"Infrastructure is our ecosystem," Karrie Jacobs told an audience at The MFA,H, when she was in town for the Lawndale Design Fair last month. "Cities are our habitat, and manmade structures are our geologic features." And she wanted to know what might be a "natural" place for human beings in this unnatural twenty-first century. Houston, where these paradoxical proclamations ring especially true, just might be it. Jacobs, one of the founders of Dwell and a writer at Architect, used as an example of the way cities are turning blight into beauty what the SWA Group and the Buffalo Bayou Partnership are up to between Shepherd Drive and Sabine Street. Jacobs describes Buffalo Bayou as having been, for decades, a "trash-lined eyesore" and "dumping ground." Now, "a profound act of vision, optimism, and imagination," she says, has turned it into "a beloved conduit for bikers and pedestrians."

But it's that word --- "conduit" --- that's worth thinking about. Is the new Buffalo Bayou Park just a way to get people from one place to another? Jacobs talked about the park alongside the High Line in New York City, though the juxtaposition happened to emphasize one of the important differences between them: connectivity. The High Line is not an escape from the city. It's inside the city, of the city. Nine access points are spaced out across the line, four of which have elevators up. "The success of the High Line as an aesthetic object and economic magnet hasn't been lost on the developers," she says. Some of the pricey highrises that have been built because of the High Line brag about providing direct access to it; it's become a selling point. The subway has even stretched to that side of Manhattan, too.

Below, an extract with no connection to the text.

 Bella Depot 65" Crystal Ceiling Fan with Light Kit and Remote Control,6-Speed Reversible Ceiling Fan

 Wikimedia Commons. The High Line. Photo: Wikimedia Commons.

 

 

So far, that's not the case with Buffalo Bayou Park. The park, about 3 miles long, has become a kind of specialized green treadmill. Unless you happen to be able to afford to live near the two Memorial Drive-spanning pedestrian bridges in Magnolia Grove or Memorial Heights, you have to drive there to get on and use it. You fight traffic to fight again for a parking spot, get out of your car, run your loop, Instagram your photo, and drive home. It's a 24 Hour Fitness without a roof. It's not easy to get to, says the Houston Chronicle: "Crossing Allen Parkway is a real-life game of Frogger, with no extra lives. Improvements to crosswalks at Montrose and Waugh have made those access points slightly less terrifying, though the beautiful pedestrian bridges . . . are few and far between."

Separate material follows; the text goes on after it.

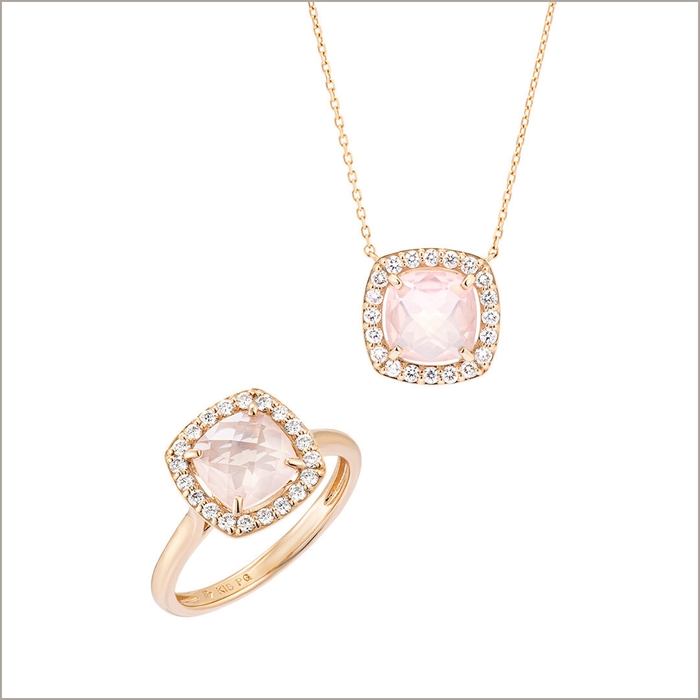 K18PG ローズクオーツ ダイヤモンド ネックレス、リング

While she was in Houston, Jacobs experienced the frustration of this lack of connectivity. She was looking for a place for her morning jog. A concierge at Hotel ZaZa told her that the track around Rice University was a popular spot. But navigating on foot that splashy elliptical roundabout encircling the Mecom Fountain where Main, Fannin, and Montrose become entangled wasn't so simple. Worse, Jacobs says, there weren't any other pedestrians whom she could imitate.

Members of the Hermann Park Conservancy fought hard to build a tunnel a few miles away from where Jacobs struggled to cross the street. The tunnel goes underneath MacGregor Drive near the Bill Coats Bridge, connecting the trails on Brays Bayou and providing users a safe way in and out. In 2012, the Houston Chronicle reported, "Before the bridge's construction, the large parcel of prairie and woodlands could be reached from Almeda [Road], but had no direct connection to the main area of the park. [HPC executive director Doreen] Stoller said the bridge will provide easy access for people living on the park's rapidly developing east side."

 Allyn West. Bill Coats Bridge and pedestrian tunnel in Hermann Park. Photo: Allyn West.

 

 Allyn West. Pedestrian tunnel in Hermann Park. Photo: Allyn West.

 

 

That's a way of saying that it doesn't take much --- a tunnel here, a bridge there --- to connect what's disconnected. Though our polynuclear city, developed in fits and starts, resists it, it's worth thinking about how we can link all our "conduits" and create a network. We're spending a lot of money on the very projects Jacobs praises. We're spending a lot of money building 150 miles of Bayou Greenways, but we're not spending very much on ways to get people safely and conveniently to them. Last year, the Rice Design Alliance, which publishes this blog, gave a grant to Rice professor Gordon Wittenberg to study the use of railroad, pipeline, and utility easements as "linear parks," which could provide crucial north-south links to the greenways. Susan Rogers, who chairs the Cite editorial committee, works with her students at the University of Houston Community Design Resource Center to integrate drainage ditches and other infrastructural necessities into neighborhoods. Encouragingly, Anne Olson, the Buffalo Bayou Partnership president, told the Chronicle last year that Allen Parkway crosswalks at Dunlavy or Taft or Gillette are being considered. That would be a start, but much more than that is needed.